Originally Posted by LovingAnyway
I get that you don't want to really know your wife. I believe you believe the same of her--that she doesn't really want to know you. These conversations are crazy to me...because the come in the guise of knowing one another.

Not quite. I don't want her to know me, because she will realize what a loser I am and not want to be with me. Of course, that makes me the crazy one, since it is long since clear to her what a loser I am and she hasn't left. I figure she doesn't feel she has any good options, and it is my job to make sure she never realizes HOW bad it is to be stuck with me, or she might rethink her conclusion.

The above might have been false when we started marriage counselling 13 years ago or when I arrived here 8 years ago. I wasn't in such a bad state and there was hope things would improve in time, and maybe being with me wasn't as bad as I thought it was. Now that I am so irredeemably depressed and resigned to failure, I have made what were warped thoughts into reality.

I understand that many people think the essence of marriage is to share your true self with your spouse and be accepted. I have long since given up any hope that my true self would be accepted, so I have long since stopped sharing my true self with my spouse. Not that I do a very good job of hiding it. But I use whatever flashing lights and shiny objects are available to distract her. And myself.

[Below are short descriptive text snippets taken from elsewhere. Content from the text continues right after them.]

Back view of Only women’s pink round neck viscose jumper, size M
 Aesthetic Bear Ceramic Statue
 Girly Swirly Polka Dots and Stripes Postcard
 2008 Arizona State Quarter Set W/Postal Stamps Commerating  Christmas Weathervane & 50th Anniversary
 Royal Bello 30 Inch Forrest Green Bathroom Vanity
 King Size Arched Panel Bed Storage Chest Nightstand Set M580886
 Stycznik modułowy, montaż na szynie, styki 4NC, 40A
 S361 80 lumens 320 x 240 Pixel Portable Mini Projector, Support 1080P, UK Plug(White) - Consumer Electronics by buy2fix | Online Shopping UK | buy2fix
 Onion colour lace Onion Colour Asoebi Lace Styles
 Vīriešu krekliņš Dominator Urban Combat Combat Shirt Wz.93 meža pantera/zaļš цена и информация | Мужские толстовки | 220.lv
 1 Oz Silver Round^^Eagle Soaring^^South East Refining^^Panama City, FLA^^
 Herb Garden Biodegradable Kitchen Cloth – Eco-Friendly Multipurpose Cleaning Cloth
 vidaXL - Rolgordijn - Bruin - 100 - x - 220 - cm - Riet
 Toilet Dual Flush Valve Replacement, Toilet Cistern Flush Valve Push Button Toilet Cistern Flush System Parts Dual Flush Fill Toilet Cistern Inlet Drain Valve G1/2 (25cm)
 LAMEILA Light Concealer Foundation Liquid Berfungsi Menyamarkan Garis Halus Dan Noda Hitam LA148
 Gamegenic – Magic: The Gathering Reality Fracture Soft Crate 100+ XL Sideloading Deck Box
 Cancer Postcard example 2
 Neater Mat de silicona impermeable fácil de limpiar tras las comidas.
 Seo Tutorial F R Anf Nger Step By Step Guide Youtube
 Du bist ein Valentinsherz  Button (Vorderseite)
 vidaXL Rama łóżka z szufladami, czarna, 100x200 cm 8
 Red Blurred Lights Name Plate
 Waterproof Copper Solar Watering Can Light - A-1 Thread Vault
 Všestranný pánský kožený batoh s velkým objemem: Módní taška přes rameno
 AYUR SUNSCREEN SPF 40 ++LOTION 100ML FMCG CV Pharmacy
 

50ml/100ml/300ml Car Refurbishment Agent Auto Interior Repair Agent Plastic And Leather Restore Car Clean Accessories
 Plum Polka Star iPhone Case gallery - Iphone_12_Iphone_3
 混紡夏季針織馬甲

The key is that I am not willing to undertake the effort to make myself into a more attractive person, so that my true self would be attractive. I have given up and given in. I am going quietly into the dark night. I am not bothering to put up a fight.

Originally Posted by LovingAnyway
They are a subtle war you wage

If you think it is subtle, then I must not be doing it right.

Originally Posted by LovingAnyway
My DH hurt when I would make fun of myself. Until he told me to stop doing that, I didn't know. I thought it modesty. It wasn't. Wasn't sharing, either. He still, six years later, questions me if he hears it. He asks if I'm being honest or wry.

I do that to her. Complain when she is self-deprecating and tell her to stop. Tell her that I will not have anyone talking about my wife that way, not even my wife. I think she likes hearing that.

I, on the other hand, don't want to hear that from her. When I complain about myself, I am merely stating the truth. I don't want to hear from anyone else that I am wrong.

This will only change when I want change badly enough. Amazingly, despite all my complaining, I don't.


When you can see it coming, duck!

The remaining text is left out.